# Centripetal force

Centripetal force follows directly from our equations for centripetal acceleration that we saw in uniform circular motion:

${F}_{\text{c}}=m{a}_{\text{c}}=\frac{m{v}^{2}}{r}=\frac{4{\pi}^{2}mr}{{T}^{2}}=4{\pi}^{2}mr{f}^{2}\text{.}$

Centripetal force causes an object to follow a circular path. That being said, it is not another *type* of force that you can add in the net force equation. Some specific force like ${\overrightarrow{F}}_{\text{T}}$ or ${\overrightarrow{F}}_{\text{f}}$ will *be* the centripetal force.

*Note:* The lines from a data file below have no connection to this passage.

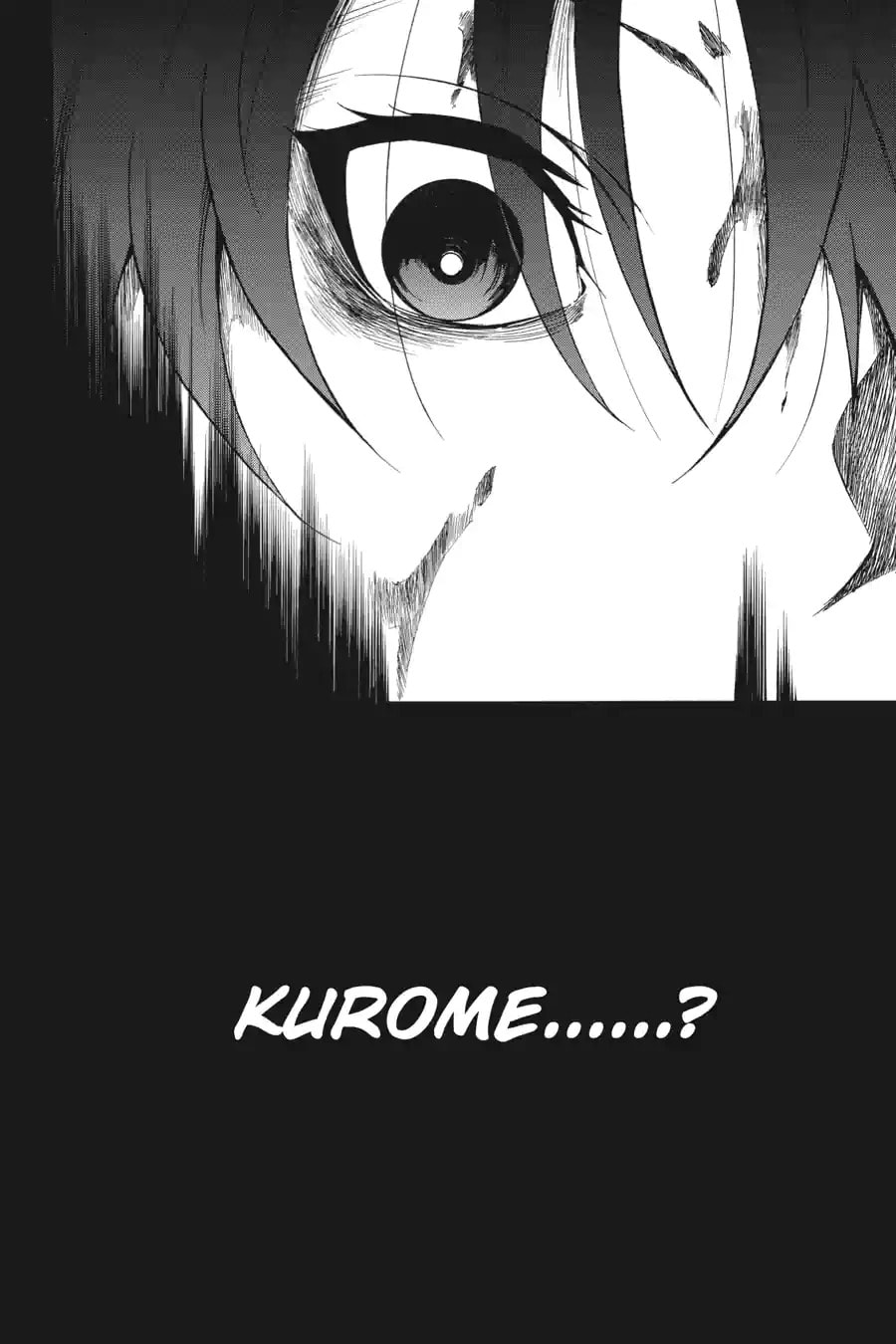 Read Akame ga Kiru! Zero chapter 59.3 image 10 on Lezhin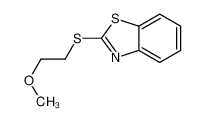 24053-00-7 structure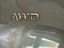 Immagine 18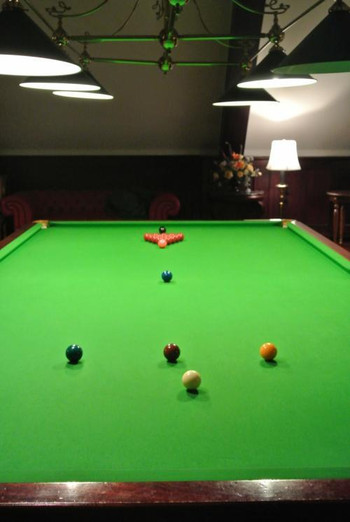 英国気分をたっぷり味わえます。3665545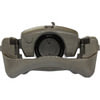 Centric 141.20522 Disc Brake Caliper Centric Semi-Loaded Brake Caliper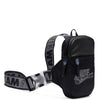 Nike Sportswear Essential Crossbody Bag (1L)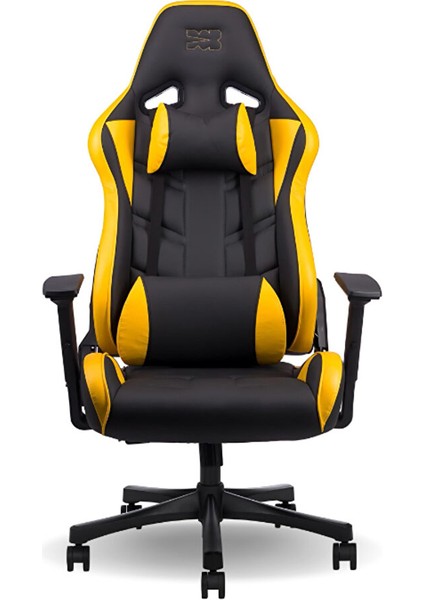 Crispsoft S1 Gaming Chair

If the specific force isn’t supplying enough (for example, ${F}_{\text{T}}<{F}_{\text{c}}$), then the object will not follow the circular path: it will go off on a tangent. If the original centripetal force is now zero (e.g., the string breaks), then it will travel in a straight line. If it was too small but stays that way (e.g., car turning too fast), then it will follow a circle with a wider radius.

The centripetal force does not have to be provided by a single force. For example, when you spin a ball on a string in a vertical circle, there are two forces on the ball at all times: tension and gravity. They will always sum to ${\overrightarrow{F}}_{\text{c}}$ if the ball moves in a perfect circle. Since gravity doesn’t change, the tension force must change. At the top of the circle, $\left|{\overrightarrow{F}}_{\text{T}}\right|=m{a}_{\text{c}}-mg\text{,}$ and at the bottom, $\left|{\overrightarrow{F}}_{\text{T}}\right|=m{a}_{\text{c}}+mg\text{.}$

## Example

A 1105 kg car is entering a level turn with a radius of 20.0 m at 21.5 m/s. If the coefficient of friction is 0.450, what is the maximum safe speed?

There is only one force acting on the car, the force of friction, and it needs to provide a centripetal force for the car to be safe:

${\overrightarrow{F}}_{\text{net}}={\overrightarrow{F}}_{\text{f}}=m{\overrightarrow{a}}_{\text{c}}\text{.}$

We can substitute for friction and centripetal acceleration:

$\mu mg=m\frac{{v}^{2}}{r}\text{.}$

Now we can solve for speed:

$v=\sqrt{r\mu g}=\sqrt{(20.0\text{}\text{m})(0.450)(9.80\text{}{\text{m/s}}^{2})}=9.391\text{}\text{m/s}\text{.}$

Therefore, the maximum safe speed is 9.39 m/s.